# Symmetrize

In this notebook, we will use the _symmetrize_ function to create bi-directional edges in an undirected graph

Notebook Credits
* Original Authors: Bradley Rees and James Wyles
* Created:   08/13/2019
* Updated:   10/28/2019

RAPIDS Versions: 0.10.0    

Test Hardware

* GV100 32G, CUDA 10.0


## Introduction
In many cases, an Undirected graph is saved as a single edge between vertex pairs.  That saves a lot of space in the data file.  However, in order to process that data in cuGraph, there needs to be an edge in each direction for undirected.  Converting from a single edge to two edges, one in each direction, is called symmetrization.  

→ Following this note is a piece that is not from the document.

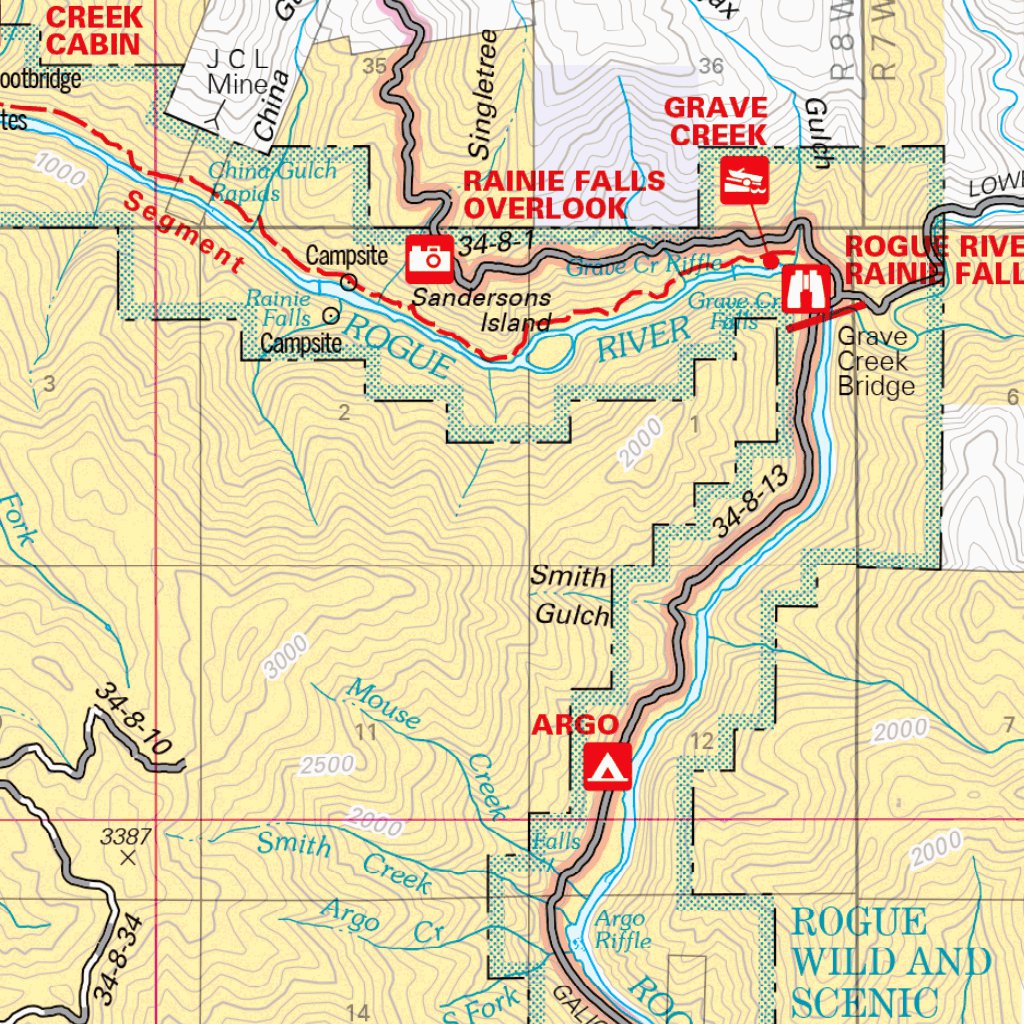 Wild Rivers Ranger District Map North by US Forest Service R6 Pacific ...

To symmerize an edge list (COO data) use:<br>

**cugraph.symmetrize(source, destination, value)**
* __source__: cudf.Series
* __destination__: cudf.Series
* __value__: cudf.Series


Returns:
* __triplet__: three variables are returned:
    * __source__: cudf.Series
    * __destination__: cudf.Series
    * __value__: cudf.Series


### Test Data
We will be using an undirected unsymmetrized version of the Zachary Karate club dataset.  The result of symmetrization shopuld be a dataset equal to to the version used in the PageRank notebook.

*W. W. Zachary, An information flow model for conflict and fission in small groups, Journal of
Anthropological Research 33, 452-473 (1977).*


![Karate Club](../img/zachary_black_lines.png)


In [1]:
# Import needed libraries
import cugraph
import cudf

In [2]:
# Read the unsymmetrized data  
unsym_data ='../data/karate_undirected.csv'
gdf = cudf.read_csv(unsym_data, names=["src", "dst"], delimiter='\t', dtype=["int32", "int32"] )

In [3]:
# load the full symmetrized dataset for comparison
datafile='../data/karate-data.csv'
test_gdf = cudf.read_csv(datafile, names=["src", "dst"], delimiter='\t', dtype=["int32", "int32"] )

In [4]:
print("Unsymmetrized Graph")
print("\tNumber of Vertices: " + str(len(gdf)))
print("Baseline Graph")
print("\tNumber of Vertices: " + str(len(test_gdf)))

Unsymmetrized Graph
	Number of Vertices: 78
Symmetrized Graph
	Number of Vertices: 156


_Since the unsymmetrized graph only has one edge between vertices, that underlying code treats that as a directed graph_

In [5]:
G = cugraph.Graph()
G.add_edge_list(gdf["src"], gdf["dst"])
gdf_page = cugraph.pagerank(G)

In [6]:
# best PR score is
m = gdf_page['pagerank'].max()
df = gdf_page.query('pagerank == @m')
df

Unnamed: 0,vertex,pagerank
34,34,0.255203


### Now Symmetrize the dataset

In [8]:
df = cugraph.symmetrize_df(gdf, 'src', 'dst')

In [9]:
print("Unsymmetrized Graph")
print("\tNumber of Vertices: " + str(len(gdf)))
print("Symmetrized Graph")
print("\tNumber of Vertices: " + str(len(df)))
print("Baseline Graph")
print("\tNumber of Vertices: " + str(len(test_gdf)))

Unsymmetrized Graph
	Number of Vertices: 78
Symmetrized Graph
	Number of Vertices: 156
Baseline Graph
	Number of Vertices: 156